Nous avons détruit un système social séculaire
L’Algérie ne disparaîtra pas, c’est certain. Le pays se ressaisira, notre peuple se retrouvera. Hélas !, ça prendra du temps. Ceci pour notre moral. Mais où allons-nous ? Les gens qui nous dirigent, vieillis et dépassés, nous mènent tout droit contre d’énormes icebergs comme le Titanic que l’on disait insubmersible et qui a coulé par trop de confiance en son capitaine et son équipage. Tab jnanena avait crié Bouteflika le 8 mai 2012 à Sétif. Ce cri du Président peut s’interpréter de différentes façons comme par exemple «Nous sommes dépassés !» ou bien «Nous ne produisons plus !». A vous d’interpréter.

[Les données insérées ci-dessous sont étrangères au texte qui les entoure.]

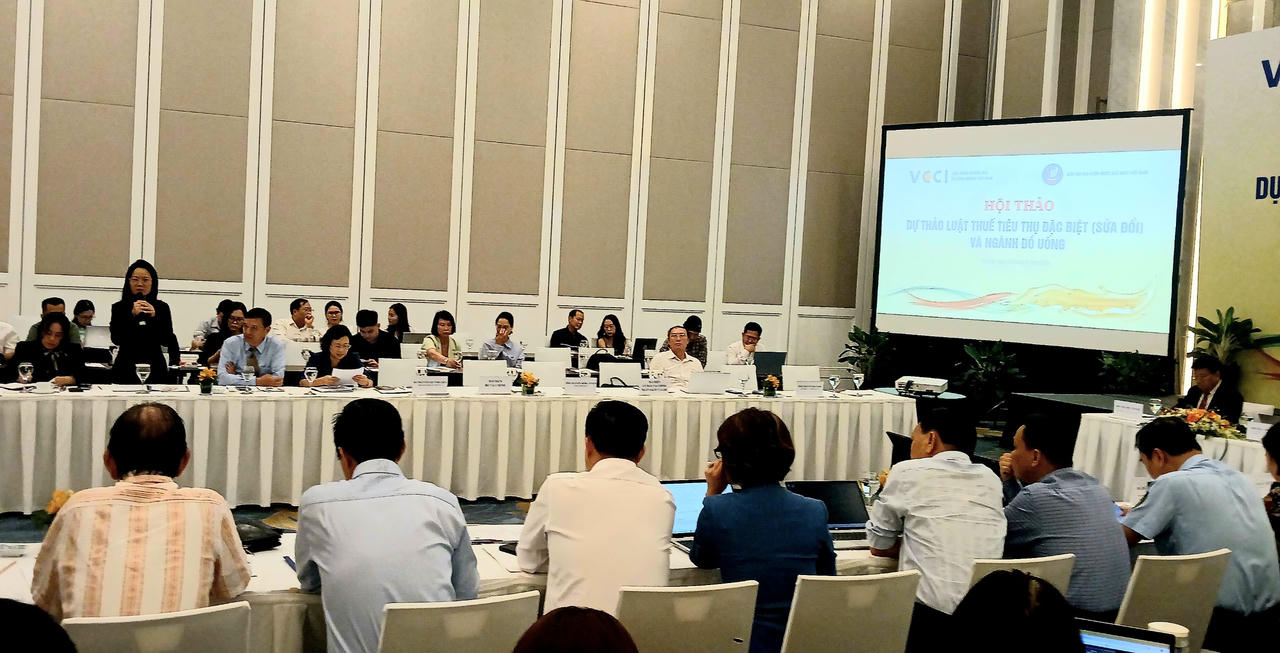 Tăng thuế tiêu thụ đặc biệt đối với đồ uống: Lo ngại nhiều hệ lụy từ rượu, bia bất hợp pháp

Laissons cela et voyons ce qui se passe.
1- Notre pétrole, qui aurait pu faire de l’Algérie le dragon de l’Afrique, est à l’origine de nos malheurs par le manque de bon sens de nos responsables. Il est entre les mains des compagnies pétrolières étrangères, donc des Etats occidentaux qui feront tout pour l’accaparer avec ou sans les Algériens. Mais surtout avec les Algériens recyclés chez nous et en Occident avec la double nationalité en prime, PHD et autre sorbonnerie. Déjà, dans le culturel, la capitale de l’Algérie c’est Paris, dans la friperie c’est Marseille. Visitez les librairies et comptez le nombre de livres sur les étals importés de France alors que les livres d’auteurs algériens sont pudiquement en aparté.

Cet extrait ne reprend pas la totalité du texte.